The sensor further includes an error-correction-information necessity determination unit that determines whether or not the error correction information is necessary in the data format. In a case where the error-correction-information necessity determination unit determines that the error correction information is necessary while the error correction information generation unit is suspended, and when the data generation determination unit determines that the predetermined data to be inserted in the data format is not being generated, the operation control unit causes the operation of the error correction information generation unit to be started.

The data generation determination unit may determine whether or not a packet is being generated, the packet storing data corresponding to the sensing signal which is in a predetermined unit and is transmitted according to the data format.

According to an embodiment of the present technology, there is provided a sensing method for a sensor which includes an interface block that converts a sensing signal outputted from a sensing block into a predetermined data format which is beforehand defined to output to another device, the interface block including: an error correction information generation unit that generates error correction information used for correction of an error in the data format, a data generation determination unit that determines whether or not predetermined data to be inserted in the data format is being generated, and an operation control unit that controls operation of the error correction information generation unit on the basis of a determination result of whether or not the predetermined data to be inserted in the data format is being generated, the method including the steps of: in the data generation determination unit, determining whether or not the predetermined data to be inserted in the data format is being generated, and in the operation control unit, controlling the operation of the error correction information generation unit on the basis of the determination result of whether or not the predetermined data to be inserted in the data format is being generated.

According to the aspect of the present technology, the error correction information used for the correction of the error in the data format is generated, whether or not the predetermined data to be inserted in the data format is being generated is determined, and the operation of the error correction information generation unit is controlled on the basis of the determination result of whether or not the predetermined data to be inserted in the data format is being generated.

Advantageous Effects of Invention

According to the present technology, increase of power consumption due to implementing a circuit for a countermeasure against transmission errors can be suppressed without the influence on operation of a device.

BRIEF DESCRIPTION OF DRAWINGS

FIG. 1 is a block diagram illustrating an exemplary configuration of a CMOS image sensor to which the present technology is applied.

FIG. 2 is a diagram for explaining a conventional example of a part of the CMOS image sensor 10 illustrated in FIG. 1 more in detail.

FIG. 3 is a diagram illustrating an exemplary configuration of a frame generated by a sensor digital block 22.

FIG. 4 is a diagram illustrating an exemplary configuration of a packet illustrated in FIG. 3.

FIG. 5 is a diagram illustrating an exemplary configuration according to an embodiment of the present technology and a diagram for explaining a part of the CMOS image sensor illustrated in FIG. 1 more in detail.

FIG. 6 is a flowchart for explaining an example of clock supply control processing.

FIG. 7 is a flowchart for explaining another example of the clock supply control processing.

DESCRIPTION OF EMBODIMENTS

Hereafter, embodiments of the technology disclosed herein are described with reference to the drawings.

FIG. 1 is a block diagram illustrating an exemplary configuration of a CMOS image sensor to which the present technology is applied.

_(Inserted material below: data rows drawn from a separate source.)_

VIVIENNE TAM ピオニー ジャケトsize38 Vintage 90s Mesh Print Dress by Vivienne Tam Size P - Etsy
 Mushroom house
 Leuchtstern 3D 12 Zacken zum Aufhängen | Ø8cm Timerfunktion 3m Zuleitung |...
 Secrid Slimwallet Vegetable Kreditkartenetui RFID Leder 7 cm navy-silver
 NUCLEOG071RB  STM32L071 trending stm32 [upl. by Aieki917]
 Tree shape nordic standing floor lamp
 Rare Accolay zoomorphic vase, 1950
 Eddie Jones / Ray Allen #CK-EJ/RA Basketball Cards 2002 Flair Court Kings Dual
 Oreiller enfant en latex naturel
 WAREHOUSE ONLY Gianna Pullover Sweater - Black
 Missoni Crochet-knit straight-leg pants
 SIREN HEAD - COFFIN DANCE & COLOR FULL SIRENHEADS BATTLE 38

This CMOS image sensor 10 is provided, for example, in a digital camera or the like and captures images.

In the example of the figure, the CMOS image sensor 10 is constituted of a PLL/PHY block 21, a sensor digital block 22 and a pixel block 23.

The PLL/PHY block 21 is primarily constituted of a phase-locked loop (PLL (Phase-locked loop)) and frequency dividers, and generates a signal at a predetermined frequency supplied to a clock generation unit inside the sensor digital block 22.

The sensor digital block 22 is configured, for example, to generate data of frames in a beforehand defined format on the basis of signals outputted from the pixel block to supply to a not-shown DSP (Digital Signal Processor) or the like. The frames generated by the sensor digital block 22 are supplied, for example, to a DSP processing an image captured by the CMOS image sensor.

The pixel block 23 is configured to include photoelectric transducers and the like and to output signals corresponding to the light obtained by the capturing to the sensor digital block 22.

FIG. 2 is a diagram for explaining a part of the CMOS image sensor 10 illustrated in FIG. 1 more in detail. Namely, in FIG. 2, detailed configurations of the PLL/PHY block 21 and the sensor digital block 22 in FIG. 1 are illustrated.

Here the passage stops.